ALXN-1840 for Wilson disease – Late Stage

On October 23, 2024, the Company entered into an exclusive license with Alexion, AstraZeneca Rare Disease whereby the Company gained worldwide rights to develop and commercialize ALXN-1840 (bis-choline tetrathiomolybdate). ALXN-1840 is a drug candidate for Wilson disease that is in late-stage development, having already completed a Phase 3 clinical trial. Monopar will be assembling a regulatory package and initiating discussions with the FDA, with an initial focus on Wilson disease patients with more severe symptoms. More details on this transaction can be found here (link).

MNPR‐-101 for Radiopharmaceutical Use – Phase 1

In August 2024, the Company received regulatory clearance in Australia to commence a first-in-human Phase 1a therapeutic clinical trial of its novel urokinase plasminogen activator receptor (uPAR)-targeted radiopharmaceutical therapy MNPR-101-Lu (MNPR-101 conjugated to lutetium-177) in patients with advanced solid cancers. The Company activated its first clinical trial site and launched the study in October 2024; the trial is currently active and recruiting patients.

In September 2024, the Company announced positive early clinical data from its ongoing open-label Phase 1 imaging and dosimetry clinical trial of MNPR-101-Zr that validate the tumor-targeting ability of MNPR-101-Zr. In October, the Company presented additional clinical data at the European Association of Nuclear Medicine Annual Congress 2024. The data demonstrate clear and durable tumor uptake of MNPR-101-Zr in a patient with advanced ovarian cancer and show favorable biodistribution with low off-target binding.
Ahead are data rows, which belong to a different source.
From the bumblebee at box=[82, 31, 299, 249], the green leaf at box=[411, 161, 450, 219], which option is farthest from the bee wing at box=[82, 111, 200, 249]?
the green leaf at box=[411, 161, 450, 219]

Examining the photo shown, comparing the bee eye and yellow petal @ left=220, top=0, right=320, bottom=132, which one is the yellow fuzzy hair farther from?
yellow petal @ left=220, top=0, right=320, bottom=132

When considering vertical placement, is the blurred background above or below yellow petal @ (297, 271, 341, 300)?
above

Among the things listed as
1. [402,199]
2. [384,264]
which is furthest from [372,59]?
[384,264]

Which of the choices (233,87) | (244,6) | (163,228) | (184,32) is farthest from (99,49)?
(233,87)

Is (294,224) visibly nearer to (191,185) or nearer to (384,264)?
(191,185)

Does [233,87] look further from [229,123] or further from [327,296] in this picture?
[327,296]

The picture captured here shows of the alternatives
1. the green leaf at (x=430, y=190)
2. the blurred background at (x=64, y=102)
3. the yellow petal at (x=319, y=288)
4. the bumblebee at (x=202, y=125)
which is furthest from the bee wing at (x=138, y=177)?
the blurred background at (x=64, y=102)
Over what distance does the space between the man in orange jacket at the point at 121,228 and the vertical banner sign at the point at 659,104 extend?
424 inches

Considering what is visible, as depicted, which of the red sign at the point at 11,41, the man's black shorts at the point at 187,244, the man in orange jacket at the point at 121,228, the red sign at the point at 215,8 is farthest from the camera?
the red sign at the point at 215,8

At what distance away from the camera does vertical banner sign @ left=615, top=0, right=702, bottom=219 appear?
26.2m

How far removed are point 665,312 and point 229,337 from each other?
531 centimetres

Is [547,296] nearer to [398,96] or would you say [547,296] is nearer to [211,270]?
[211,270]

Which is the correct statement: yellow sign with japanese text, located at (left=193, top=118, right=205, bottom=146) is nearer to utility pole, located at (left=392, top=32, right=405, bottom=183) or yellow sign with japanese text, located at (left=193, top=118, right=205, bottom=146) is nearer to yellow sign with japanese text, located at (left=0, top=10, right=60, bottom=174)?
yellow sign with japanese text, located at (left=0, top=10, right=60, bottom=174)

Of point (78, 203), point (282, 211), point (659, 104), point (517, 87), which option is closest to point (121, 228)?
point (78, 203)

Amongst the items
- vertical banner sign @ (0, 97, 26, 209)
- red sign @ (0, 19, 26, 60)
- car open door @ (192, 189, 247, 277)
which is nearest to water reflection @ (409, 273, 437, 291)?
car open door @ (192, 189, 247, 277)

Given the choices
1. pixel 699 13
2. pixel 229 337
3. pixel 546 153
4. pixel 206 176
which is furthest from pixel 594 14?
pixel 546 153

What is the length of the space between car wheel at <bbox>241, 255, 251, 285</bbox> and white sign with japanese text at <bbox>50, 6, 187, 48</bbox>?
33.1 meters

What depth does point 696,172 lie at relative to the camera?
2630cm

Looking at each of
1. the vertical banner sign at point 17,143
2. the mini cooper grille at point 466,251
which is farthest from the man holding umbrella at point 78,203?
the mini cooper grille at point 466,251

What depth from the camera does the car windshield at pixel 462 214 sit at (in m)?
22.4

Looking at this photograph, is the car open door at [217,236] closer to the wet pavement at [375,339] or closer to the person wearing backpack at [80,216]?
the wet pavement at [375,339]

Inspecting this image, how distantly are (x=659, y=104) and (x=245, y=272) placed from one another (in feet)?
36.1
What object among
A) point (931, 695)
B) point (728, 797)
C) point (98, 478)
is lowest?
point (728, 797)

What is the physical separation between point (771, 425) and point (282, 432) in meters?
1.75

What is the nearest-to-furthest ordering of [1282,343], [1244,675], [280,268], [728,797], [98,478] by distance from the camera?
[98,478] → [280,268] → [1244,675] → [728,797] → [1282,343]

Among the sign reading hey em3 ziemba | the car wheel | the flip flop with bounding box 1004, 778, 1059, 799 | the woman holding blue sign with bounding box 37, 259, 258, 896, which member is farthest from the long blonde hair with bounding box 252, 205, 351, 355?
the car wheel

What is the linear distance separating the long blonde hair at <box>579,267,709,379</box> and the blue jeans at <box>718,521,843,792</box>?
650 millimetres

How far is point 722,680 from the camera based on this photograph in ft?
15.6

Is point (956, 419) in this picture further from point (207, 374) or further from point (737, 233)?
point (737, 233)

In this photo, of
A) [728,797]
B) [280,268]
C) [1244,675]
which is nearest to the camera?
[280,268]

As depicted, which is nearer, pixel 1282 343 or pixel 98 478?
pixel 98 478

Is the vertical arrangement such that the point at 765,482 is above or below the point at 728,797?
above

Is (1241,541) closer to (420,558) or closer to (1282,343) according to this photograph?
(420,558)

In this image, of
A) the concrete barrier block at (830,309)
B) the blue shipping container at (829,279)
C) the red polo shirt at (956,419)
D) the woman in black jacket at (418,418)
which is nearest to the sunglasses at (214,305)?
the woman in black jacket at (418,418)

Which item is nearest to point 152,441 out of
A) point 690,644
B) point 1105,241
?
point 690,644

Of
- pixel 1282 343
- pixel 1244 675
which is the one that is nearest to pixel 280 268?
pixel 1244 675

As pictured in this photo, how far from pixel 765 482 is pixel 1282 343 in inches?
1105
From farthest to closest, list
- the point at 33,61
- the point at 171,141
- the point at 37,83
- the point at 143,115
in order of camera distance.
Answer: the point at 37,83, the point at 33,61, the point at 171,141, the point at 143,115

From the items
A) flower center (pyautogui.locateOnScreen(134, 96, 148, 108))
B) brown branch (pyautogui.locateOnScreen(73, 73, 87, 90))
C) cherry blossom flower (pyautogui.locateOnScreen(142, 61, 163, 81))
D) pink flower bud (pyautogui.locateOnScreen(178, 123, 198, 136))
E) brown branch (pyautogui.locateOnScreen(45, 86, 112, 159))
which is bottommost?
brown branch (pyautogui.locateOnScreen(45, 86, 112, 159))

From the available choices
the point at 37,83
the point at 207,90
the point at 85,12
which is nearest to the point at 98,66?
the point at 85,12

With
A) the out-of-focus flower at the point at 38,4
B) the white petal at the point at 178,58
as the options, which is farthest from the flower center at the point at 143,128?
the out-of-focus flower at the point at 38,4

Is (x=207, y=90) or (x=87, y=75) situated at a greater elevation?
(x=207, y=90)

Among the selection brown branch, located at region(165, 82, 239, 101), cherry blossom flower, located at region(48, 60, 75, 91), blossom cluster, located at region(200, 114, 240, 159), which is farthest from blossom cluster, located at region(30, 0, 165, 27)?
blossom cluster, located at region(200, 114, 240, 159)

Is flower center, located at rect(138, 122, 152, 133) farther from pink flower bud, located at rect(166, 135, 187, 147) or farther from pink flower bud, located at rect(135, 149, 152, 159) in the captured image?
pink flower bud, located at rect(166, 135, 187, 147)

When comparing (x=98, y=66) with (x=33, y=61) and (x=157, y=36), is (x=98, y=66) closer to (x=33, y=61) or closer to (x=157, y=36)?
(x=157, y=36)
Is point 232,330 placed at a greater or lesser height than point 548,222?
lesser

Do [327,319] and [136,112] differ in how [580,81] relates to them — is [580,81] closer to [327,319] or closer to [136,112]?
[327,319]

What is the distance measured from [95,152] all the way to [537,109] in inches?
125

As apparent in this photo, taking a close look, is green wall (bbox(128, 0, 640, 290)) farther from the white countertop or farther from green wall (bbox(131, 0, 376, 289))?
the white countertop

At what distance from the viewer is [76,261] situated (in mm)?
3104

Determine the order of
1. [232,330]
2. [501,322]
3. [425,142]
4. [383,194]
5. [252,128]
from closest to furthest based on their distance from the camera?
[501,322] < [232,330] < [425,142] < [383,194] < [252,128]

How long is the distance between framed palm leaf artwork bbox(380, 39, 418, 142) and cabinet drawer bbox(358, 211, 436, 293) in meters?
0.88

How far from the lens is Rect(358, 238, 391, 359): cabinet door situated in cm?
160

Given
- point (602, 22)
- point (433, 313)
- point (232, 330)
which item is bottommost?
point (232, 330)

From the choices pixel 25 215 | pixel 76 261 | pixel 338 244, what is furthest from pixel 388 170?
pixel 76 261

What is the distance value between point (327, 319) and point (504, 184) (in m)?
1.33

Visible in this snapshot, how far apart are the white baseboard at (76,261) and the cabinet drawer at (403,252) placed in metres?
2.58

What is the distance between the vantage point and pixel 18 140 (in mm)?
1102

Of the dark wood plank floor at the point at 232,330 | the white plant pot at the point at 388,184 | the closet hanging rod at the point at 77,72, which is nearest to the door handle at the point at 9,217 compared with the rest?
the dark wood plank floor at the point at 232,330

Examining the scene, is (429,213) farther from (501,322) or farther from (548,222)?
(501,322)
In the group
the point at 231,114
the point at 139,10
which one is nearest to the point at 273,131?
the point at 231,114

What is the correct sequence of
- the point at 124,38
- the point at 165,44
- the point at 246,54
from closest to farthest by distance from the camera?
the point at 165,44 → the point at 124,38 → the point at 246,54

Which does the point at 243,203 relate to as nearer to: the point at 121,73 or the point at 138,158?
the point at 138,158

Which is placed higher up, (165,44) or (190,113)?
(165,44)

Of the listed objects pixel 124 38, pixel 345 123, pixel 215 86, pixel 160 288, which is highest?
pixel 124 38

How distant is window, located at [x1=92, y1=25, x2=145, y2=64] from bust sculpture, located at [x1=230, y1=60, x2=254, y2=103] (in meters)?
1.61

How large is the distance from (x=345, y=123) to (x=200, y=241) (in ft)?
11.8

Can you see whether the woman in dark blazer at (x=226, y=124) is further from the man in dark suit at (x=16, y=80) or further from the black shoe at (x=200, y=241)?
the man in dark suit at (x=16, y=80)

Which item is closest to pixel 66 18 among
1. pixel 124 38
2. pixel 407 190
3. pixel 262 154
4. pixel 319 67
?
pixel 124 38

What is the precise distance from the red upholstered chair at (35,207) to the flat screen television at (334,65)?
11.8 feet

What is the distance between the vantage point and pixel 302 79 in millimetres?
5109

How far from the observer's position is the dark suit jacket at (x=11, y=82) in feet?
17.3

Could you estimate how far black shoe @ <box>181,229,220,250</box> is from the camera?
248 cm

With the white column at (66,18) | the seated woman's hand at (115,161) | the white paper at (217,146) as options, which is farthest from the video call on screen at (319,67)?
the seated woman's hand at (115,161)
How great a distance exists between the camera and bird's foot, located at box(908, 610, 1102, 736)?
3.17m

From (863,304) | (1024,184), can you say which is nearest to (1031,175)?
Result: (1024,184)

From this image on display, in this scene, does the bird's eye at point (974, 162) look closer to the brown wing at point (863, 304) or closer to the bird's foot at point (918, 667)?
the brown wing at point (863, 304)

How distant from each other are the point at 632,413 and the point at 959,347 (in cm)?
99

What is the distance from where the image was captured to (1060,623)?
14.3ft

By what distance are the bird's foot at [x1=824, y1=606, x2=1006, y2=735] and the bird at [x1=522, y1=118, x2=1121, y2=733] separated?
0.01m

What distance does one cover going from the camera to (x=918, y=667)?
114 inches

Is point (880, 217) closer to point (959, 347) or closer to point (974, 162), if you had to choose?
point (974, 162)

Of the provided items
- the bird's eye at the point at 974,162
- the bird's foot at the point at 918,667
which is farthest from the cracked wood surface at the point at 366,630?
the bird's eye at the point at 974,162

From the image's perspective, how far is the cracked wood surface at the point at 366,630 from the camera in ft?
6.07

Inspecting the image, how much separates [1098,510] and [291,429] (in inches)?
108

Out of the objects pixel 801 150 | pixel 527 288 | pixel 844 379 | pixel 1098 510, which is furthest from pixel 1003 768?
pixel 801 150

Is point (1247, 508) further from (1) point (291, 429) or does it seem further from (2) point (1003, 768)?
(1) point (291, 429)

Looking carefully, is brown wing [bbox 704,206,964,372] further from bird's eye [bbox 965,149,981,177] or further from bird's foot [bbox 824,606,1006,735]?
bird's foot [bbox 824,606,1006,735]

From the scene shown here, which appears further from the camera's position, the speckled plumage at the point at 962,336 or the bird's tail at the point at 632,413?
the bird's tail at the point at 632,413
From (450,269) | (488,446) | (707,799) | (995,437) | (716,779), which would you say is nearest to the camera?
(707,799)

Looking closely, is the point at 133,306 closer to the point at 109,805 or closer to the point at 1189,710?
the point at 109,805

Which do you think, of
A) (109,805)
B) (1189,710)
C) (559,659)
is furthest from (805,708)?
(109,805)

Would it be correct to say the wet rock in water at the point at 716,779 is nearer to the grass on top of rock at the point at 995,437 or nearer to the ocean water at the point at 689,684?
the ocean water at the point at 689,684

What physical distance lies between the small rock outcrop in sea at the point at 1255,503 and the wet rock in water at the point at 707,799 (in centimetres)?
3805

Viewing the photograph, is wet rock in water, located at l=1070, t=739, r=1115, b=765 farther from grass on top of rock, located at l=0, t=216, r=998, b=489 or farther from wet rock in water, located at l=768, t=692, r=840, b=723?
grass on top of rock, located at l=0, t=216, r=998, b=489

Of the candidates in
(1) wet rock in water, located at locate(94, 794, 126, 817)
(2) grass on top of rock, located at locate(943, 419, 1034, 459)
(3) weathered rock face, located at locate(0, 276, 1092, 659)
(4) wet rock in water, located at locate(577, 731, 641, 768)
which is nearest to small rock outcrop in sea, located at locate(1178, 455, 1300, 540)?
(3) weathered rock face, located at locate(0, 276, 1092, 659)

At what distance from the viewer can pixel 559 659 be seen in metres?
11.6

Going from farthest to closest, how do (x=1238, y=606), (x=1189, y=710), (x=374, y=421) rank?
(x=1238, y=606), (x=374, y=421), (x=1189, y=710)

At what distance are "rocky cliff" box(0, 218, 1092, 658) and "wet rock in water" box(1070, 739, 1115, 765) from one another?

The Company is also actively exploring opportunities to expand its radiopharmaceutical pipeline primarily through internal development efforts. In October 2024, the Company announced the filing of a provisional patent application for new radiopharmaceutical compounds and a family of linkers used to connect radioisotopes with targeting agents, including its uPAR-targeting antibody MNPR-101. This provisional patent could enable the Company to use these linkers to create new proprietary radiopharmaceuticals to pursue well-established, high-value cancer targets of interest.

Capital Raise

On October 30, 2024, the Company completed a registered public offering of 1,181,540 shares of the Company’s common stock at $16.25 per share, generating net proceeds of approximately $17.7 million, after deducting placement agent fees and other estimated offering expenses.

Results for the Third Quarter Ended September 30, 2024 Compared to the Third Quarter Ended September 30, 2023

Cash and Net Loss

Cash and cash equivalents as of September 30, 2024, were $6.0 million. As noted above, the Company completed a registered public offering on October 30, 2024 that yielded net proceeds to the Company of approximately $17.7 million, after deducting placement agent fees and other estimated offering expenses.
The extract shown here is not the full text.